▼▼▼
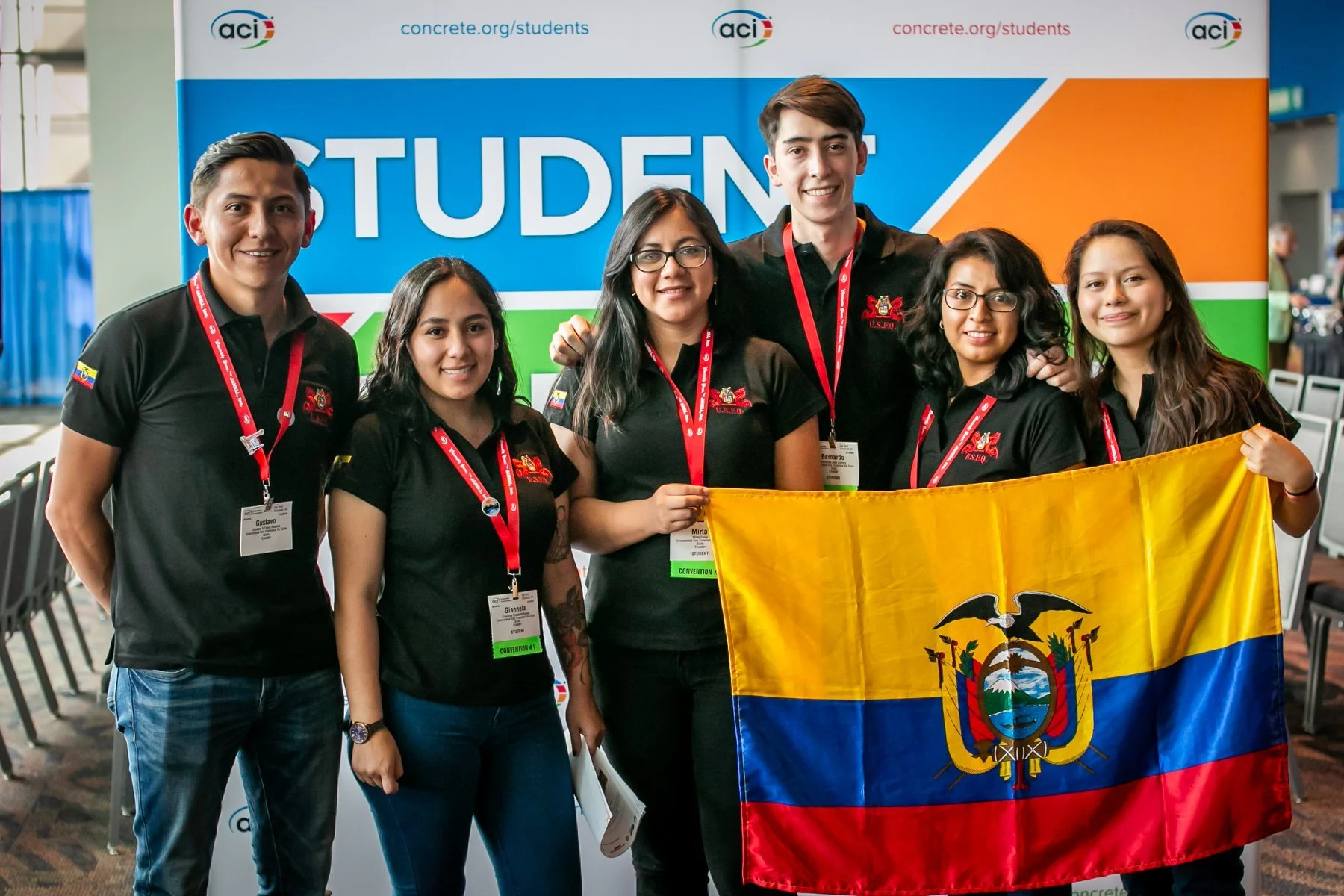 Grupo de jóvenes sosteniendo una bandera de Ecuador en un evento de estudiantes, con carteles del congreso y logotipos en el fondo.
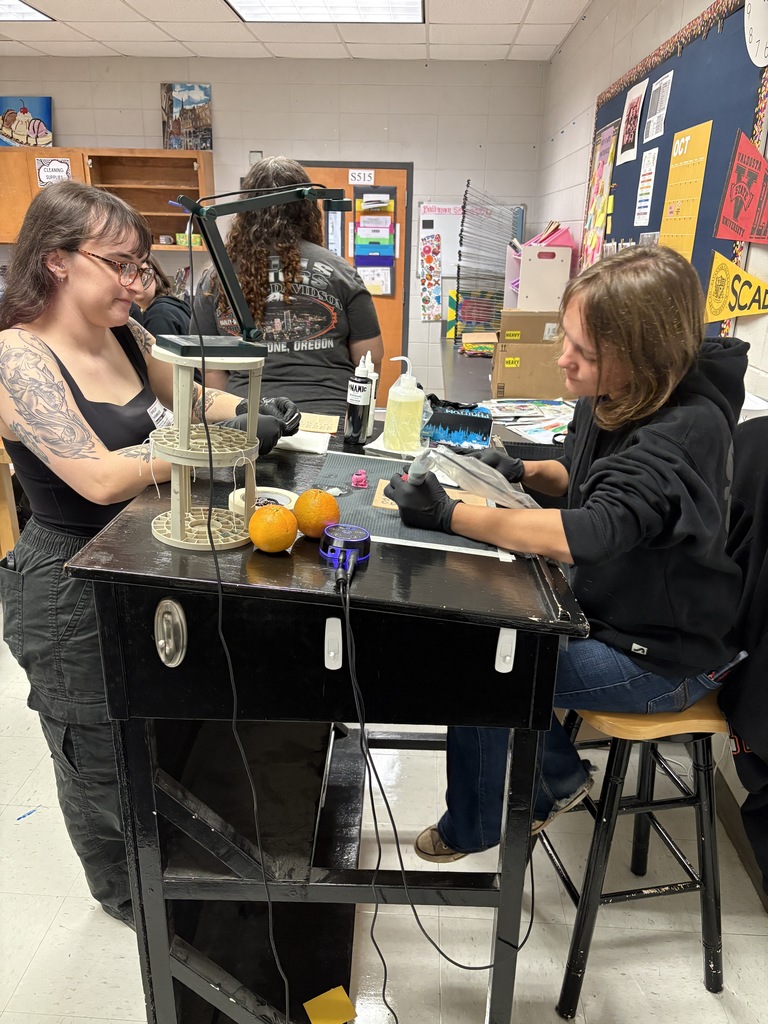 Student practicing on fake skin with supervision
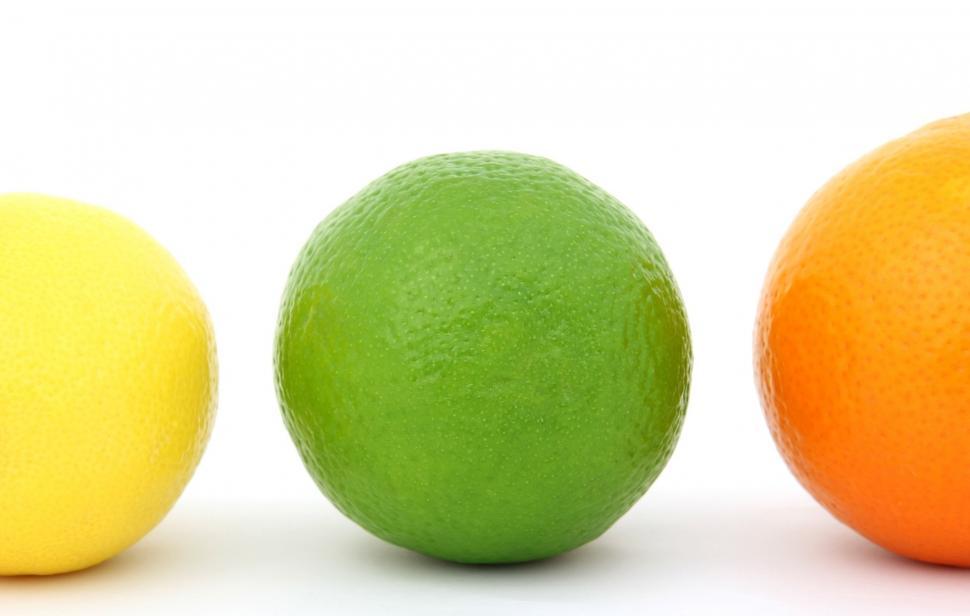 Free Image of Three Oranges, One Green and One Yellow 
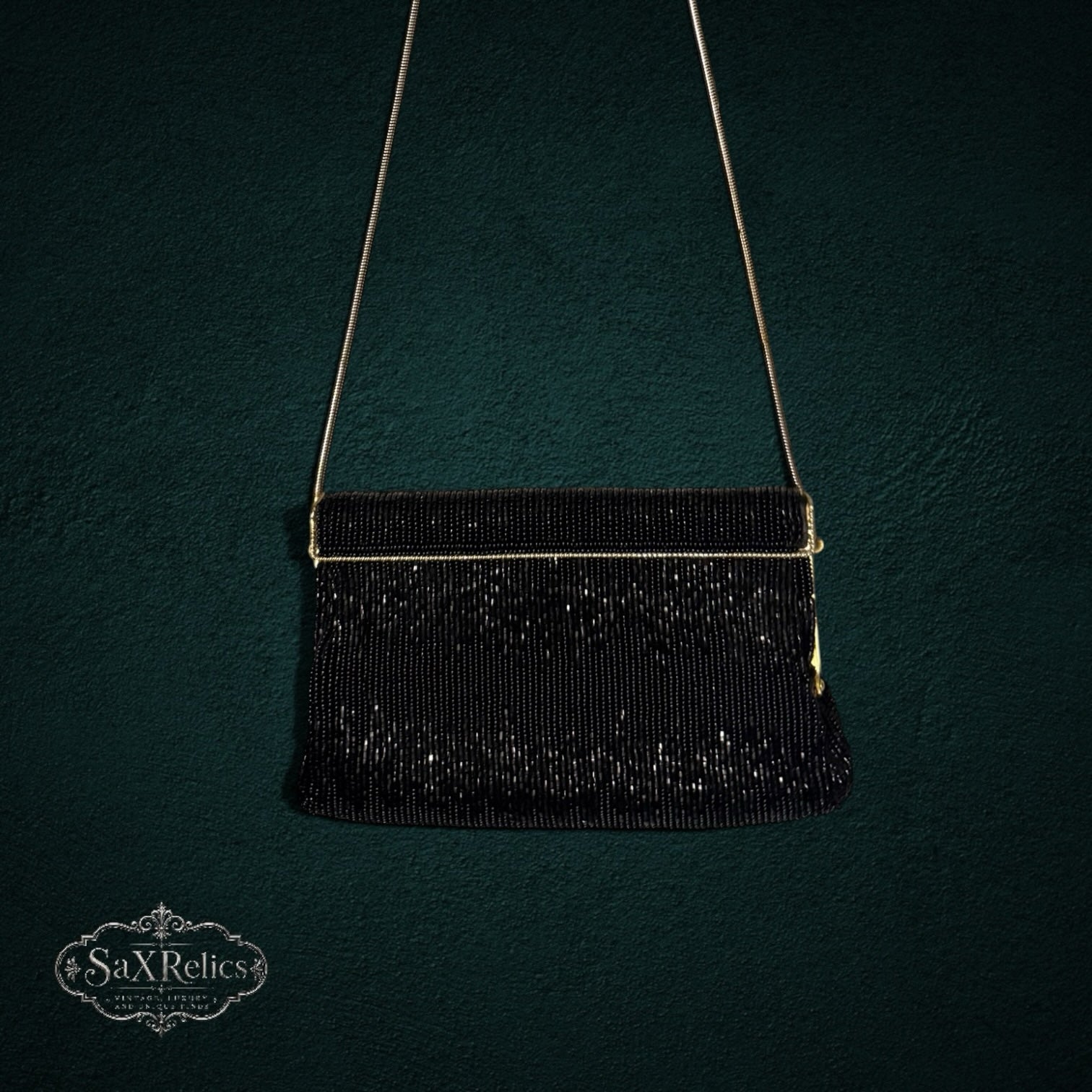 My Store vintage black beaded evening clutch with gold-tone chain strap against a dark textured background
▲▲▲
# Try it
Leave out the pictures, and retype exactly the lines from the one containing "Student practicing on" through the last line of the data above, no more and no less.

# Solution
 Student practicing on fake skin with supervision
 Free Image of Three Oranges, One Green and One Yellow 
 My Store vintage black beaded evening clutch with gold-tone chain strap against a dark textured background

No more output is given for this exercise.